A pesar de las críticas que el Orgullo (como se le conoce) recibe cada año, su existencia se justifica plenamente por dos motivos. Por una parte, para reivindicar la memoria de los gays y lesbianas que fueron encarcelados, torturados y humillados durante la dictadura franquista por su simple condición sexual al convertirse en objetivo prioritario sobre el que ejercer la represión franquista y siendo, por tanto, uno de los colectivos que más injurias y calumnias ha recibido tradicionalmente en España. El ensañamiento descalificativo que la derecha española más retrógrada ha llevado a cabo de manera obsesiva y tradicional contra el colectivo homosexual se ha caracterizado por el sadismo y la persecución. Supongo que habrá numerosos estudios psiquiátricos que expliquen el motivo de esta obsesión, pero en cualquier caso algo tendrán que ver las frustraciones personales y los deseos incumplidos. Por otra parte, el Día del Orgullo LGTBi supone una apuesta hacia el futuro por cuanto explica la necesidad de que los grupos más o menos minoritarios de la sociedad española puedan tener el derecho de poder desarrollarse como personas con los intereses que estimen oportunos. Una sociedad que respeta y apoya a las minorías tiene una proyección de futuro mucho más asentada que aquellos países en los que se persigue a los homosexuales y se ningunea a otro tipo de colectivos.

La mejor forma que tiene un país de demostrar el grado de implantación que las ideas democráticas tienen en su seno es cuando se pone a prueba su capacidad de tolerar a las minorías y a los movimientos sociales o culturales que se salen de la moral habitual. Cabría preguntarse qué se entiende por minoría y por moral habitual. Más que hablar de moral habría que referirse a ética. Así podríamos decir que morales hay muchas, pero ética solo una y por tanto morales puede haber tantas como sociedades y a su vez dentro de cada una de ellas puede haber otro buen número de ellas. Sin embargo, el concepto de ética remite a algo universal, a un conjunto de normas no escritas que forman parte del acervo cultural de la humanidad que se ha ido desarrollando desde que los clásicos griegos comenzaron a escribir y reflexionar sobre el hombre hace más de 2.500 años.

Dentro del grupo de categorías que integra el movimiento LGTBi me voy a centrar en el de las mujeres lesbianas. A principio de los años 90, en mi etapa universitaria, se comenzaba a hablar de lo que finalmente se llamó «salir del armario» cuando un hombre de cierta trascendencia pública hacía una declaración en los medios de comunicación sobre su condición de homosexual. Al mismo tiempo era común la presencia de gays en la Universidad que de manera más o menos explícita hacían notar su condición. Pero lo que no había eran mujeres homosexuales. Las lesbianas no existían en la juventud de principios de los años 90. Obviamente las habría en un tanto por ciento de la población femenina similar al actual, pero ya fuera por voluntad propia o porque su reconocimiento era más difícil que para los hombres, resultaba muy extraño encontrarse con una mujer que ni siquiera de manera leve dejara ver su condición de lesbiana.

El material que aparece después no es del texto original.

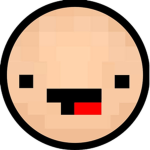 HowToMinecraft Fan Group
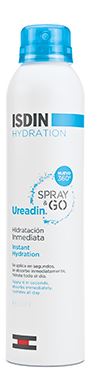 UREADIN SPRAY&GO 200 ML - latuafarmacia.org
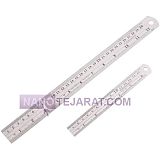 flexible steel rules flexible steel rules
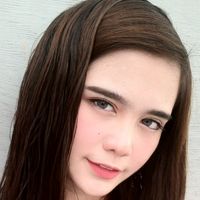 TikTok Account Photo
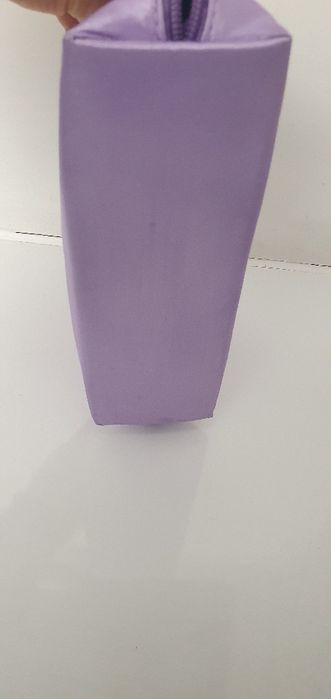 Kosmetyczka Tatcha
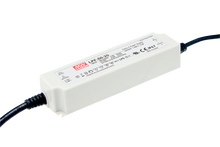 Lade das Bild in den Galerie-Viewer, Loxone LED-Schaltnetzteil 24V, 2,5A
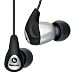 Electronics : Shure SE420 Sound Isolating Earphones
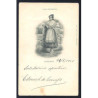 Alfonso XIII ED. 242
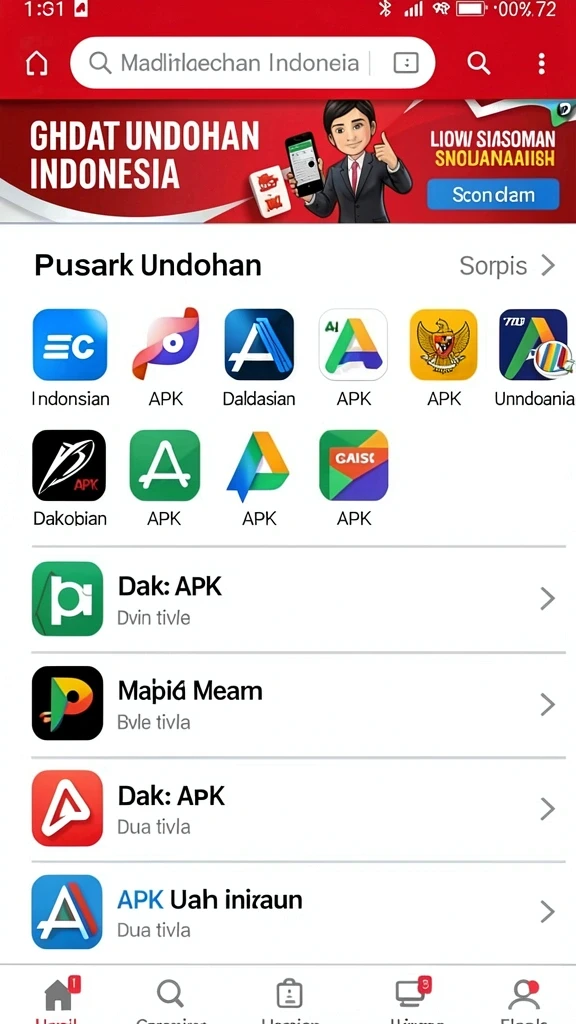 Screenshot askasino nomor 1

Recuerdo el caso de una chica que conocí durante el tiempo que pasé en la Universidad de Alicante. Durante los años que me mantuve cerca de ella, en la Facultad o fuera de ella, fui observando comportamientos que no lograba entender. De familia adinerada, vestía con ropa ancha que compraba en los mercadillos. A pesar de su juventud, ya había tenido un número de parejas masculinas muy excesivo para el tipo de vida que tenía, muy centrada en los estudios universitarios, que ella achacaba a un carácter especial y difícil. Además, según pude saber, sólo lograba tener relaciones sexuales por la noche cuando había bebido y después de haber ido de bares. El paso del tiempo unido a otros detalles me hizo darme cuenta que el único problema que tenía aquella chica es que no aceptaba su condición de lesbiana por miedo a su familia y a hacerlo público. Mientras mantuve contacto con ella nunca la conocí feliz en un sentido real del día a día. Me recordaba a uno de esos gatos callejeros que caminan por la calle mirando a todos lados por si le tiran una piedra.

Por eso cuando en la actualidad veo a chicas de la mano en la ciudad donde vivo no puedo dejar de alegrarme por ellas porque tendrán una vida como la de cualquier otra persona, es decir, alejadas de la angustia diaria en la que vivía aquella chica que conocí en la Universidad hace más de veinticinco años.